The Watering Hole: is often some distance away from the Cave and the Campfire space, and is a place to meet strangers, share informal news, gossip and rumour with others and engage in trading activity. It is a place of both tension and excitement where an individual might meet a future mate but also be devoured by a wild animal. In learning terms it is an ‘informal and unstructured learning space’ and has been shown to be essential if learning is to become and remain lively and vibrant. In modern schooling this most closely equates to unstructured ‘break-time’. This not only relates to children; research on conference structures for instance has shown that without frequent ‘breakout-time’ and regular opportunities for informal learning conversations (often with strangers), conferences are invariably judged to have poor learning outcomes, however good their main (campfire) speakers are. Though the immediate parallel here is with ‘lesson breaks’, implicit in Thornburg’s thinking is the suggestion that loosely structured ‘watering hole’ learning needs to be built-in to planned learning activities. An exhibition of student work that is designed and manned by the students themselves and where peers engage in informal conversations about their learning is a good example of ‘structured’ watering-hole learning. There has been a conscious effort to build a range of watering hole spaces into the new school and key amongst these is a dedicated exhibition space adjacent to the main hall.

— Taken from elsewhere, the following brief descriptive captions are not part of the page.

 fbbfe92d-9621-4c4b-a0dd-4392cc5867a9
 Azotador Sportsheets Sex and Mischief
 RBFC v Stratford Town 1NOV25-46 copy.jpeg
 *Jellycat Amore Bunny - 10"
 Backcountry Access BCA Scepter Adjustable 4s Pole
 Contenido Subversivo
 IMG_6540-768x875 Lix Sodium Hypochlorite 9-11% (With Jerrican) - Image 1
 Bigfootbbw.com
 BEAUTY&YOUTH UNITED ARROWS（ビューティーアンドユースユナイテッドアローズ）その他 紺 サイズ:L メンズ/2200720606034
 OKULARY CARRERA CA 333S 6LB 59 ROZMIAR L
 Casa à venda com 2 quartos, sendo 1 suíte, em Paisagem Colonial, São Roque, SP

The Hunter-Gatherer Space (‘Real Life’): at the core of this metaphor is ‘learning by doing’, with both the application of knowledge ‘to’ life and direct learning ‘from’ life. At its heart lies the idea of ‘relevance’ which is an essential component of motivation and ‘deep learning’. Tribal members may have heard someone describe hunting or talking about gathering techniques around a campfire but until they have gone out and experienced them as part of the development of practical mastery, there is always ‘something missing’. Much of current school life is spent within the confines of secure ‘campfire’ space and the majority of this time is spent on what Thornburg calls ‘just in case’ learning – passive shallow learning about things that one ‘might need’ later if one can recall them.

But he advocates ‘just in time’ learning by relating learning to practical tasks that are undertaken ‘for real’. The Charter School movement in the USA is devoted to ‘real’ learning with a real ‘product’ at the end of a real ‘process’ (be it a book, a play, a poem or a lampshade). Currently children tend to write stories to get a mark from a teacher rather than for a real audience. The goal here is to foster ‘motivated engagement’ through learning that is ‘applied’ to real-life problems with real outcomes – be it a product or performance. The ‘spaces’ needed for this kind of learning calls for the whole campus – and beyond – to be turned into a practical learning area. It is for this reason that the whole campus has been designed as an extension of the school buildings with the ‘campus-as-classroom’.

The Wilderness: To Thornburg’s four conceptions we have added the idea of ‘The Wilderness’. It is clear from the way that primordial man spread out of Africa and across land bridges to every corner of the globe, that, at key points in the life of a tribal group (usually when it reached around 150 members), sub-groups have set off into the wilderness to establish a new community. The ubiquity of the modern ‘gap year’ is a good example of the pioneering dimension of the human spirit but it is one that is fostered on every trip beyond the bounds of the school – the ‘known’ – into what, for the child, is often ‘the unknown’. We aim to ‘go beyond’ the confines of the campus and into the wider environment – local, regional, national, global – to seek out engaging spaces for learning, both virtually and in reality.

By linking pedagogy and space with aspects of human learning that are grounded in our evolutionary past, we have used these concepts as part of a dialogue about how we create and use space in a 21st century learning organisation.